◆ **Problem to solve**: Repeat the records exactly, minus the pictures.

◆ **Given data**:
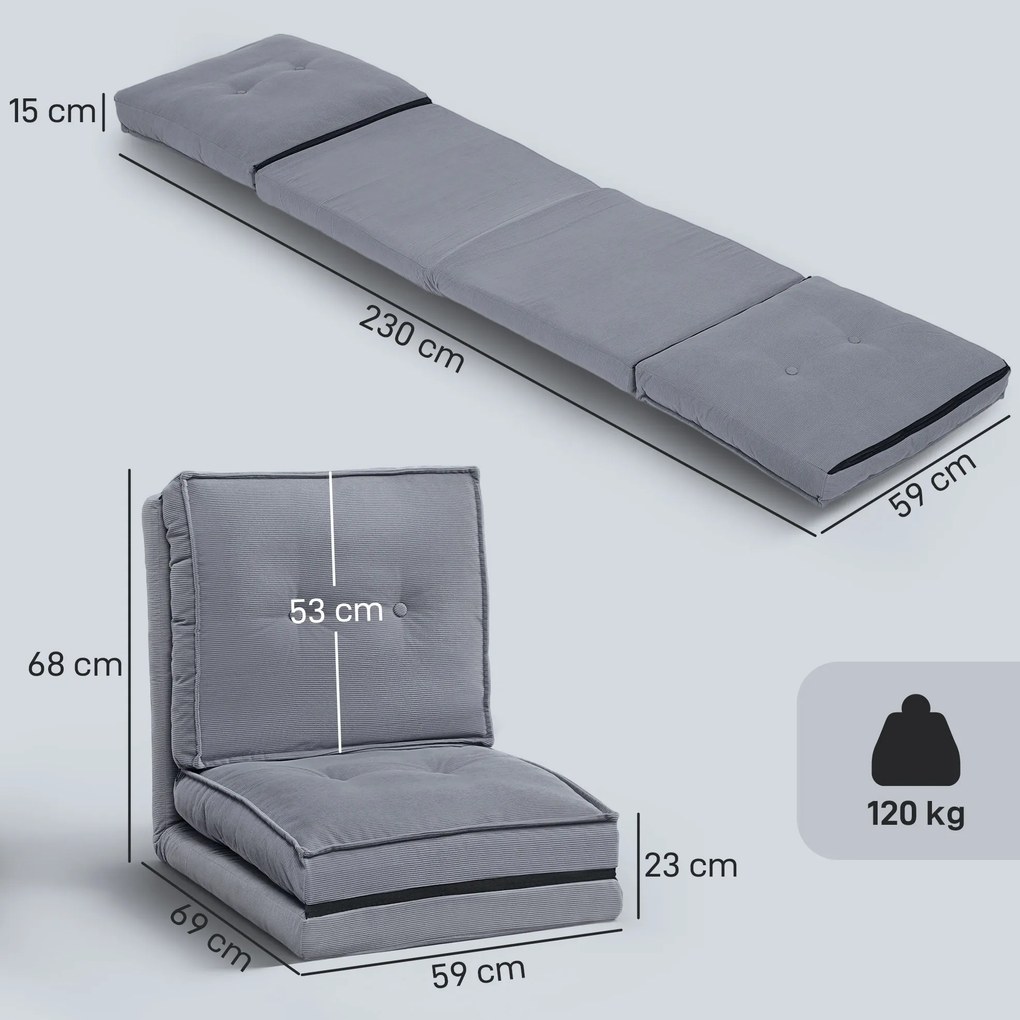 Poltrona chão dobrável de veludo canelado,  com encosto ajustável em 5 posições, 59 x 230 x 15 cm, cinzento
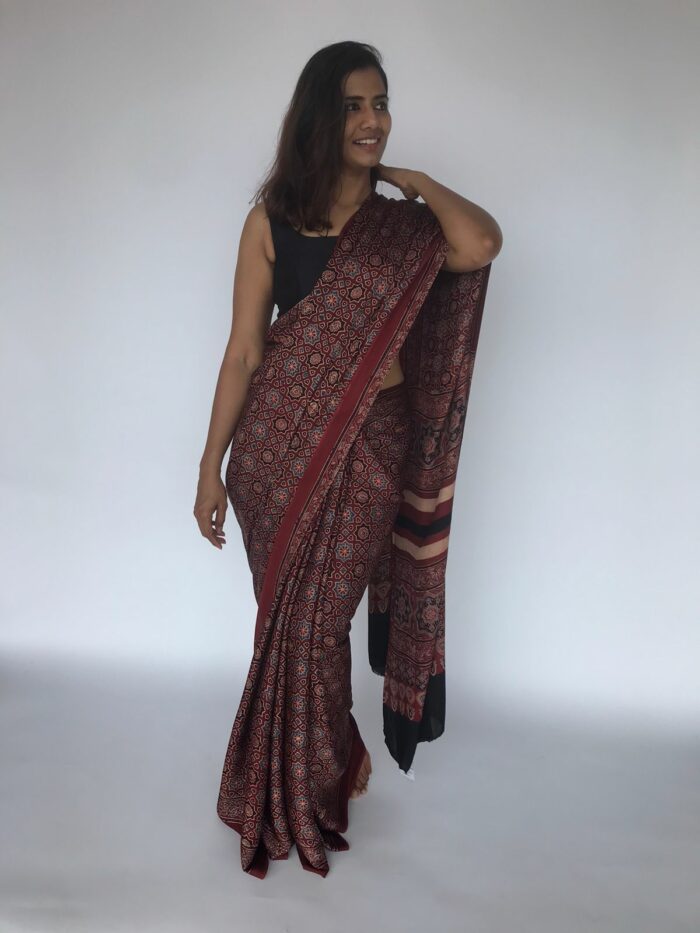 Maroon Pure Modal Silk Saree with Ajrakh Hand Block Prints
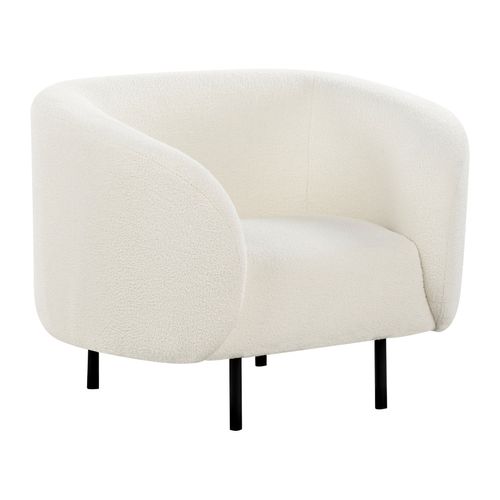 Ensemble De Canapés 6 Places En Tissu Bouclé Blanc Et Noir Loen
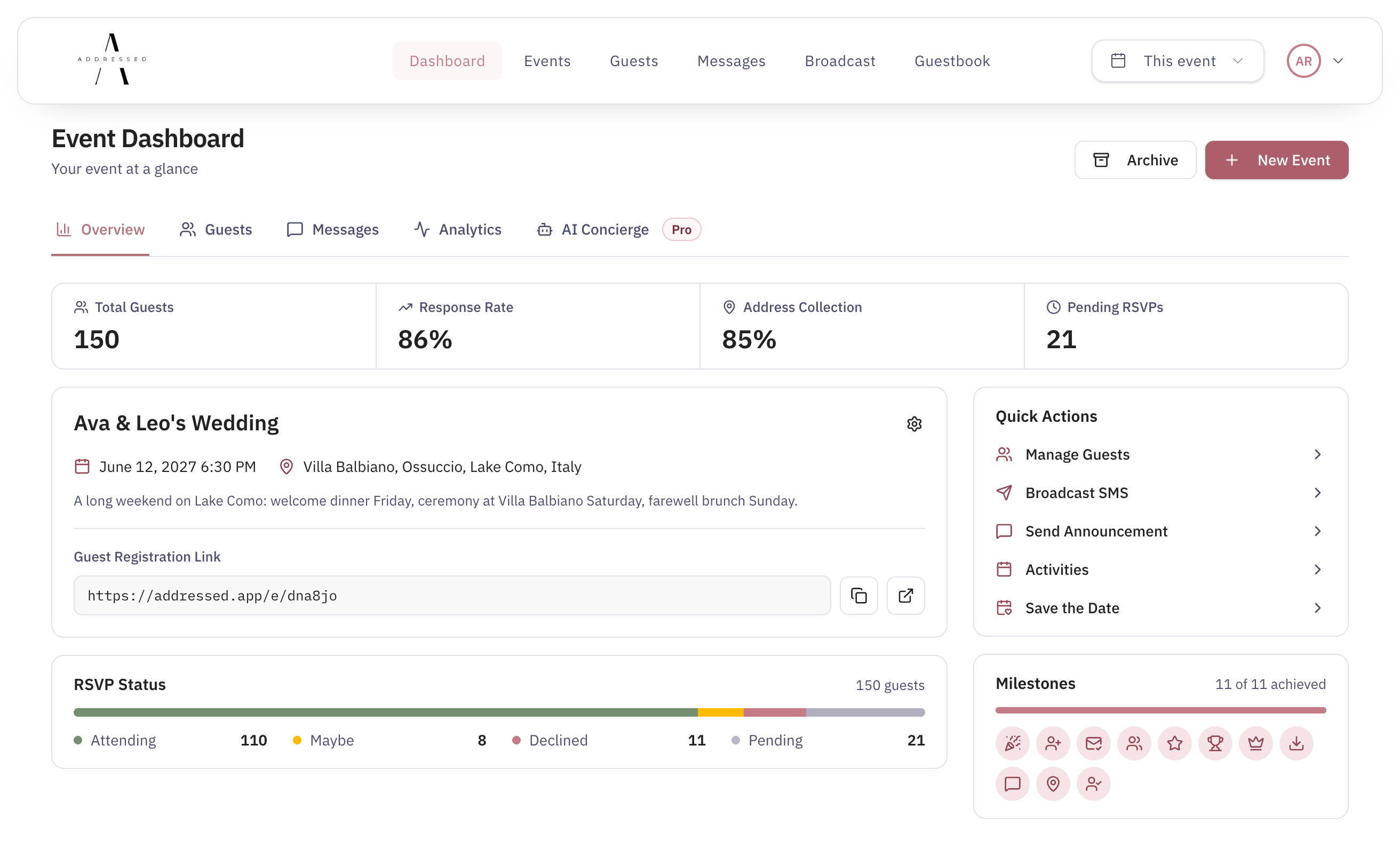 The Addressed event dashboard: guest count, response rate, addresses collected, RSVP breakdown, event details and quick actions on one screen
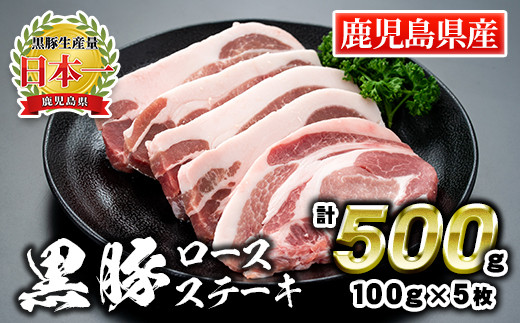 A0 42 鹿児島県産豚肉 黒豚ロースステーキ 100g 5枚 計500g 財宝 鹿児島県伊佐市 ふるさと納税 ふるさとチョイス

◆ **Written solution**:
 Poltrona chão dobrável de veludo canelado,  com encosto ajustável em 5 posições, 59 x 230 x 15 cm, cinzento
 Maroon Pure Modal Silk Saree with Ajrakh Hand Block Prints
 Ensemble De Canapés 6 Places En Tissu Bouclé Blanc Et Noir Loen
 The Addressed event dashboard: guest count, response rate, addresses collected, RSVP breakdown, event details and quick actions on one screen
 A0 42 鹿児島県産豚肉 黒豚ロースステーキ 100g 5枚 計500g 財宝 鹿児島県伊佐市 ふるさと納税 ふるさとチョイス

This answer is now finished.